令和四年度の東成瀬村戦傷病没者追悼式がこのように厳粛に執り行われるにあたりまして、先の大戦禍で尊い命を犠牲にされた皆様のご冥福を心からお祈りし、つつしんで追悼の意を表します。

まずもって、世界規模の新型コロナ感染症禍にあり、昨年、一昨年と2年続けてこの場での追悼がかなわなかったことをお許しください。

さて、村は、昨年に続いて豪雪対策本部が設置された冬が過ぎ、例年よりやや雪解けの遅い春となりました。それでも5月の村は、たちまちのうちに厚い雪も消え、皆様が心をときめかせたでしょう萌葱の緑と花々に彩られ、成瀬川の雪しろの流れは躍動の息吹にあふれております。

ですが、世情は、皆様も戦地で命を奪われあるいは苦しめられたでしょう、あの感染症、その新たなコロナウィルスにより、世界もわが国もこの病魔と向き合う日々となっております。

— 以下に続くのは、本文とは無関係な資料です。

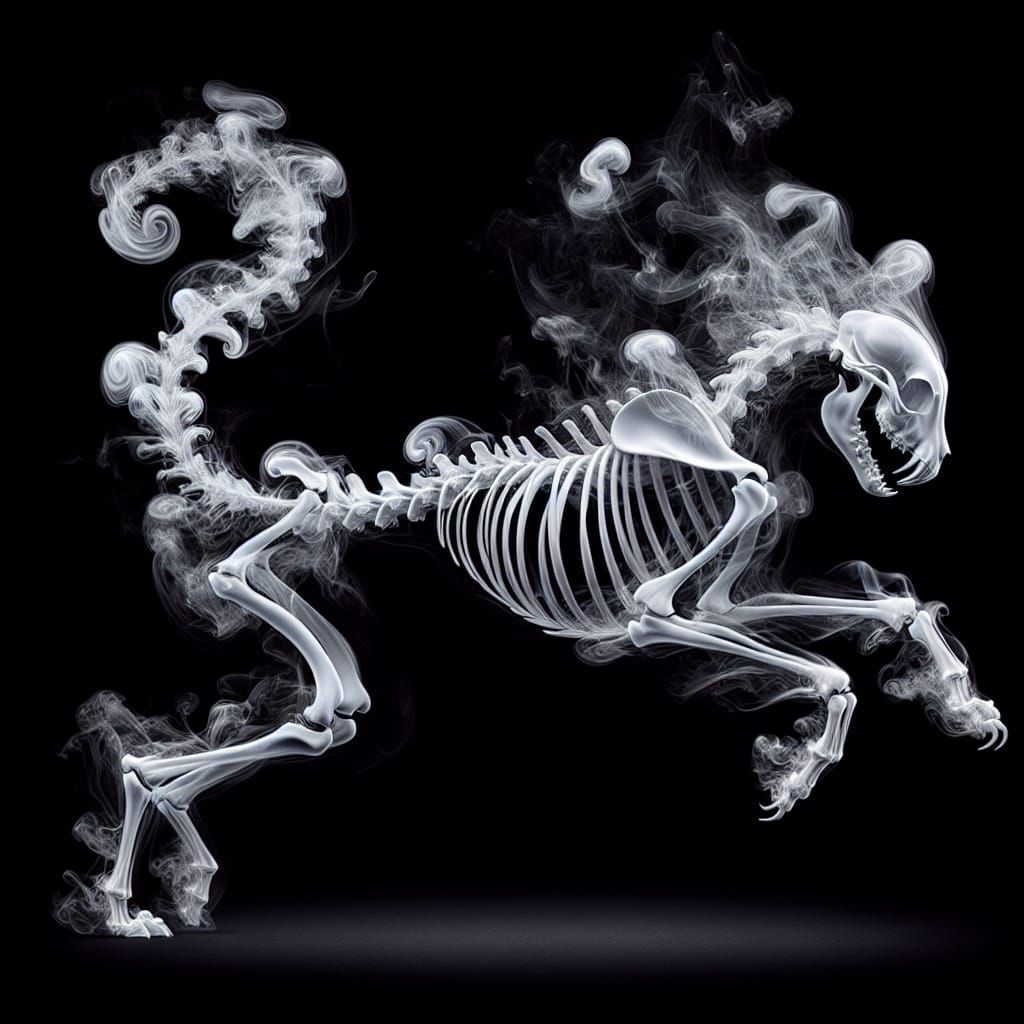 Phantom Cat Leaping in Smoky Silhouette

それに加えて、2月にはロシアによるウクライナへの軍事侵略が本格化され、多くの人々の命が無差別に奪われるという最悪の惨事が今なお続いております。

村議会はいち早くこの侵略を非難する決議をあげましたが、ウクライナでおきている人々の悲惨な現実を目にしますと、人生これからという尊い命が戦争のため残酷に奪われたあの大戦時における皆様の無念の思いと重なり、私は言葉に詰まります。

戦争はこのように自然災害とちがい、政治指導者の誤りによって命が奪われる行為であります。それを教訓として、皆様の尊い命の犠牲の下に築かれた歴史から私たちは学び、国の誤りを二度と繰り返さない誓いをもって祖国は平和憲法をもち、戦後の日本と村が築かれてきました。

戦争という最大の人災も、大地震など最大の自然災害も、年月をながく経るなかで体験が風化し悲惨な歴史が忘れられやすいといわれます。今日のこの追悼式は、皆様への深い哀悼のまことをあらわす場であります。あわせて、戦争許すまじ、戦争の事実を風化させずに伝え残さなければというわれわれの強い誓いの場ともしたいと思います。

結びに、村議会は、平和な村と国づくりのためになおいっそう努力することをここにお約束し、御霊の安らかならんことと、ご遺族の皆様のご健勝を心から願いまして追悼の言葉とさせていただきます。